## Your task
Retype the lines of the listing below exactly, but only those from the one containing "kitchen with light" through the last line; pictures stay out.
=== Records to use ===
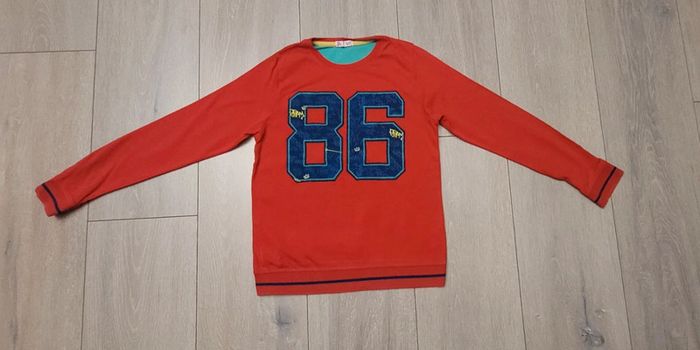 Maillot manche longue rouge. Garçon 8 ans. Marque Dp..am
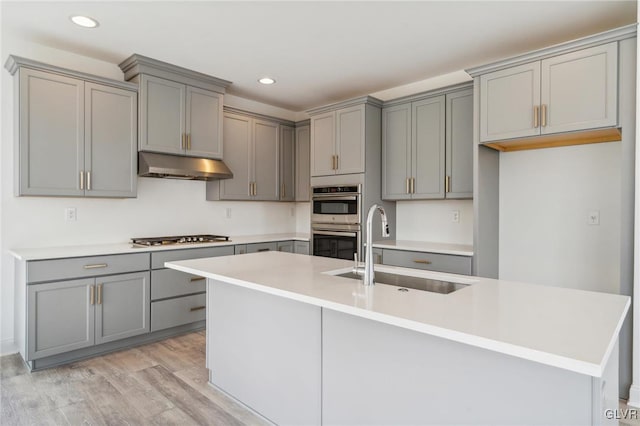 kitchen with light hardwood / wood-style floors, a center island with sink, sink, and gray cabinetry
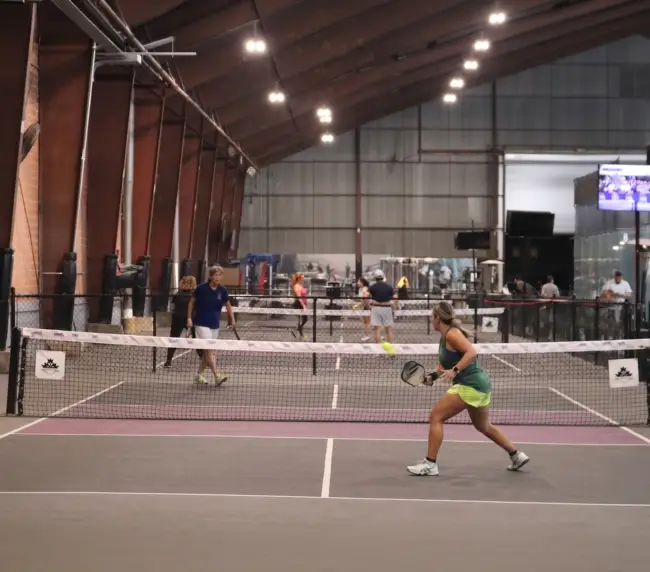 Group of players on court, candid and energetic. Not posed. 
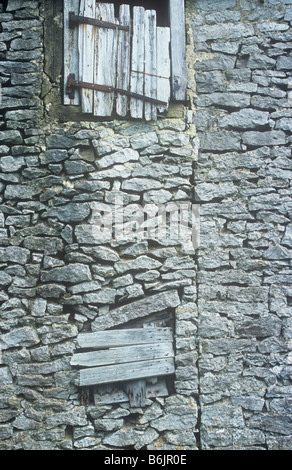 Dettaglio di due piani parete stalattite granaio è stato esteso ma con un weathered porta di legno e il blocco in Windows Foto Stock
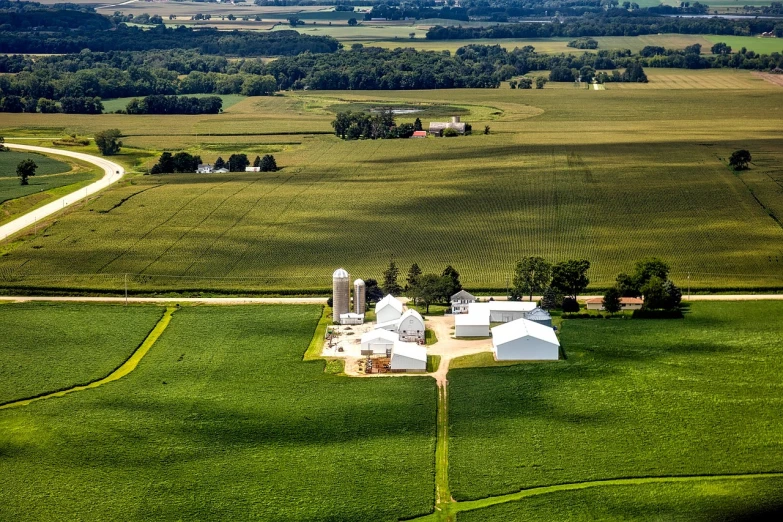 a large white barn sitting on top of a lush green field, a stock photo, by Arnie Swekel, view from the top, midwest town, shot on nikon z9, liquid gold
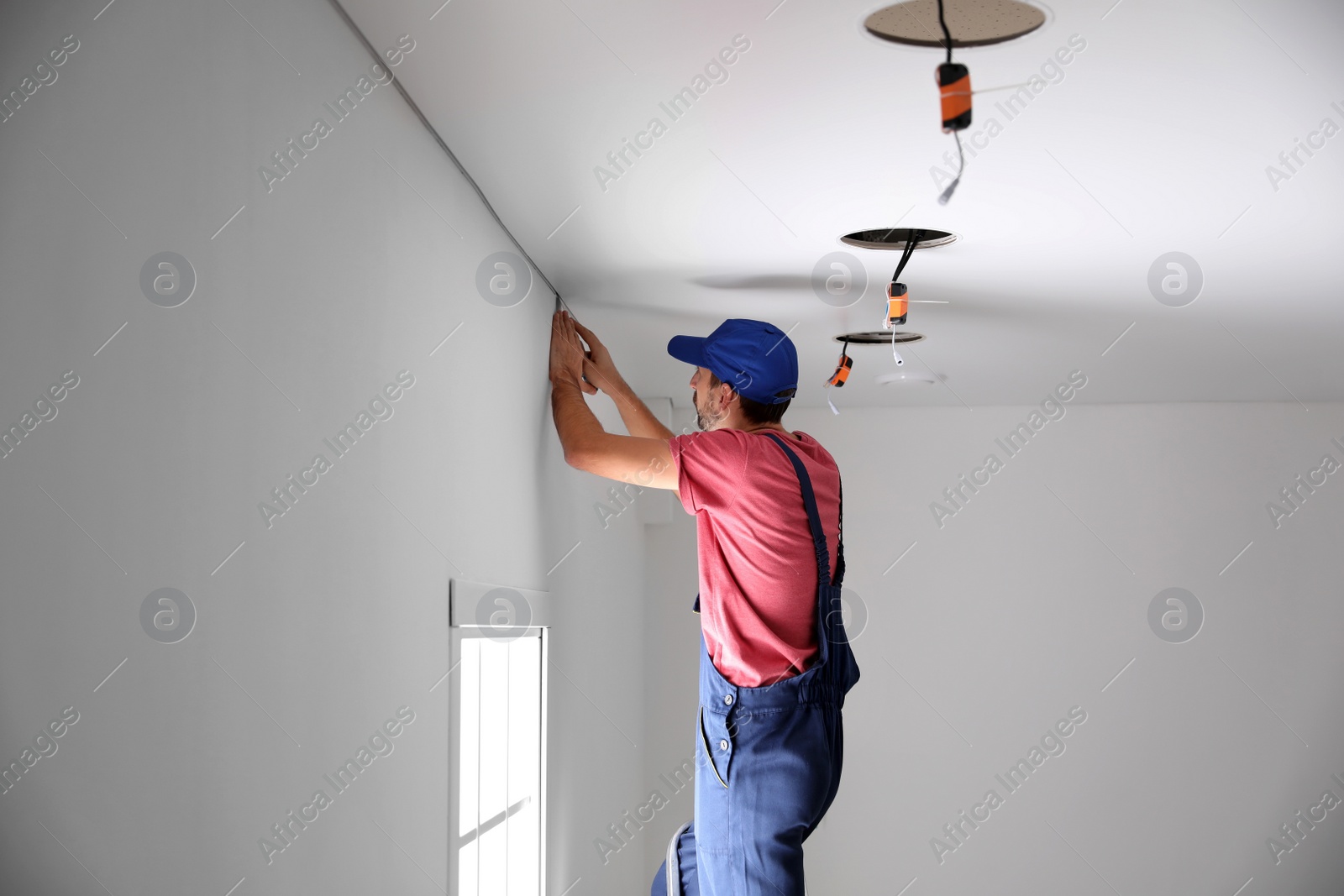 Photo of Worker installing stretch ceiling in empty room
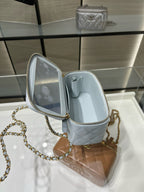 Light blue mini handbag with open top showing fabric lining and zipper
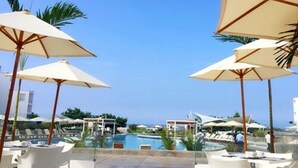 Een zwembadterras met parasols, ligbedden en uitzicht op de oceaan.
===
## Result of this task
 kitchen with light hardwood / wood-style floors, a center island with sink, sink, and gray cabinetry
 Group of players on court, candid and energetic. Not posed. 
 Dettaglio di due piani parete stalattite granaio è stato esteso ma con un weathered porta di legno e il blocco in Windows Foto Stock
 a large white barn sitting on top of a lush green field, a stock photo, by Arnie Swekel, view from the top, midwest town, shot on nikon z9, liquid gold
 Photo of Worker installing stretch ceiling in empty room
 Light blue mini handbag with open top showing fabric lining and zipper
 Een zwembadterras met parasols, ligbedden en uitzicht op de oceaan.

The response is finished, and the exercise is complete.